About this exercise
Keep the pictures out while you transcribe the listing below exactly.

Given information
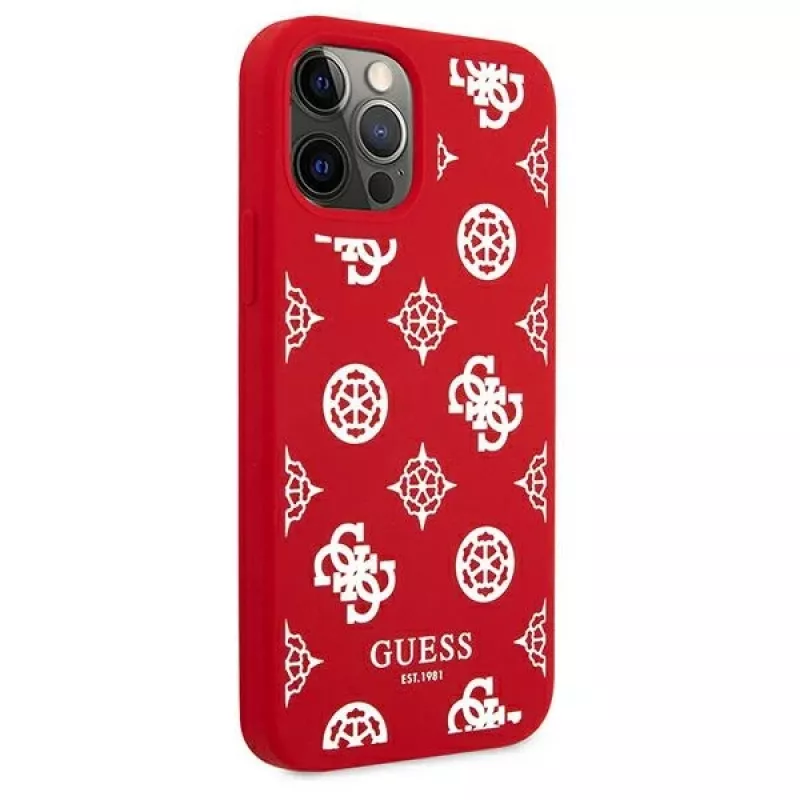 Guess GUHCP12LLSPEWRE iPhone 12 Pro Max 6,7 inch Raudonas kietas dėklas „Peony Collection“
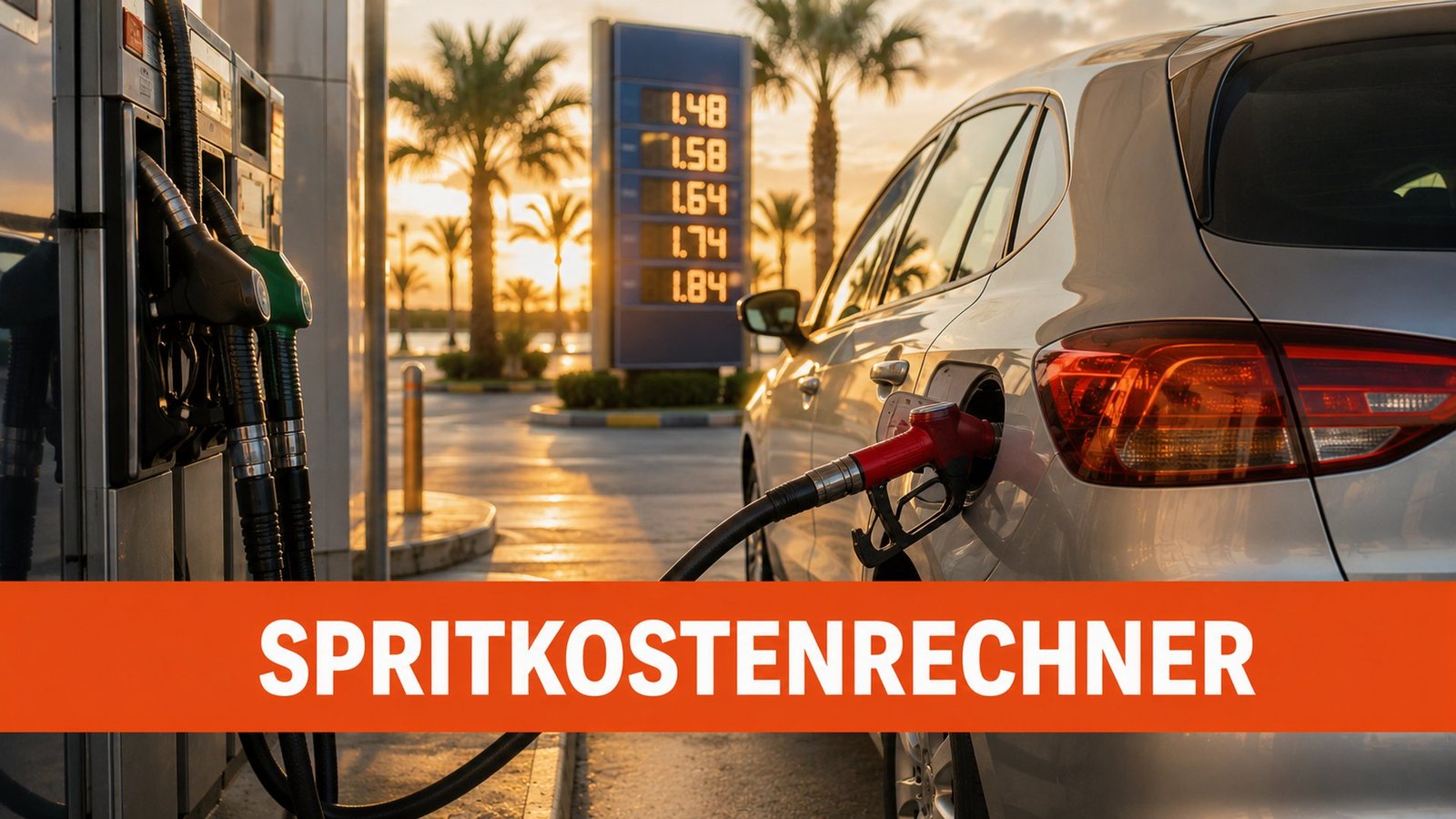 Auto tankt an einer Tankstelle mit Preistafel - Spritkostenrechner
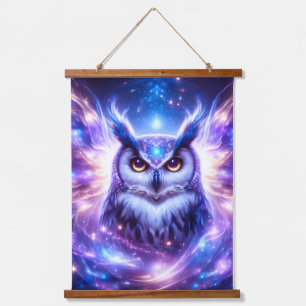 Cosmic Mystical Wisdom Celestial Spiritual Owl  Hanging Tapestry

Solution to the exercise
 Guess GUHCP12LLSPEWRE iPhone 12 Pro Max 6,7 inch Raudonas kietas dėklas „Peony Collection“
 Auto tankt an einer Tankstelle mit Preistafel - Spritkostenrechner
 Cosmic Mystical Wisdom Celestial Spiritual Owl  Hanging Tapestry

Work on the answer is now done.